Theory for Inference and Prediction

16. Theory for Inference and Prediction

When you want to generalize your findings beyond the descriptive and beyond the current collection of data to a larger setting, your data needs to be representative of that larger world. For example, you may want to predict air quality at a future time based on a sensor reading (Chapter 12). Or, you may want to test whether an incentive improves the productivity of contributors based on experimental findings (Chapter 3), or construct an interval estimate for the amount of time you spend waiting for a bus (Chapter 5). We have touched on all of these scenarios in earlier chapters, and now, in this chapter, we formalize the frameworks for predictions and inferences.

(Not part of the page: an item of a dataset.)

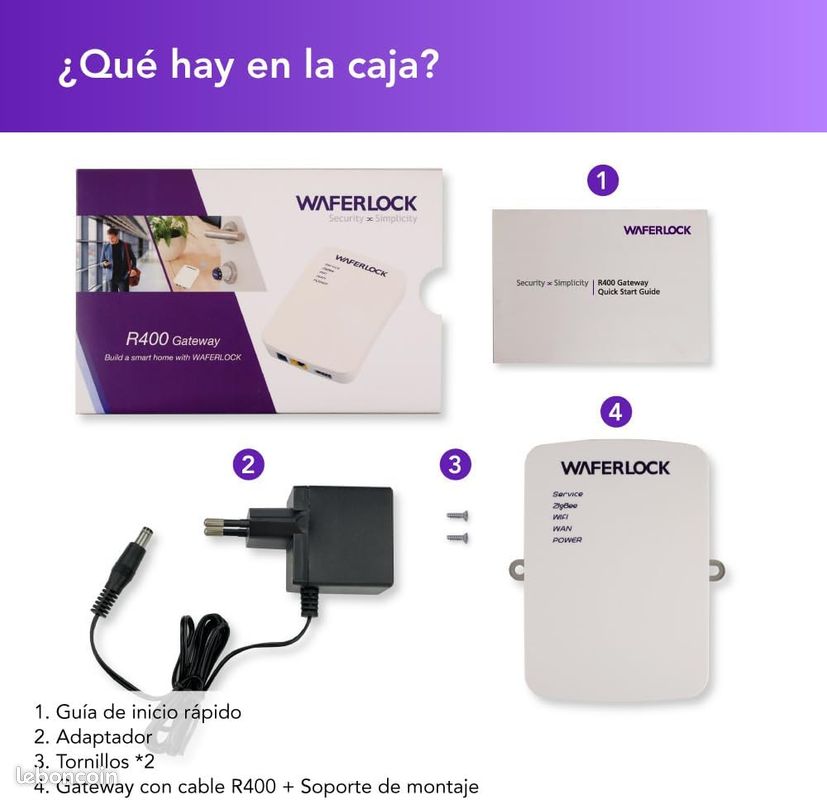 Passerelle Intelligente Filaire WAFERLOCK R400 pour serrures connectées (image 5)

At the core of these frameworks is the notion of a distribution, be it a population, empirical (aka sample), or probability distribution. Understanding the connections between these notions leads to basics of hypothesis testing, confidence intervals, prediction bans and risk. We begin with a brief review of the urn model, first introduced in Chapter 3, then introduce formal definitions of hypothesis tests, confidence intervals, and prediction bands. We use simulation in examples, including introducing the bootstrap, a special case of simulation. We wrap up the chapter with formal definitions of expectation, variance, and introduce the variance – bias decomposition, an essential tool to understanding risk, regularization and over fitting.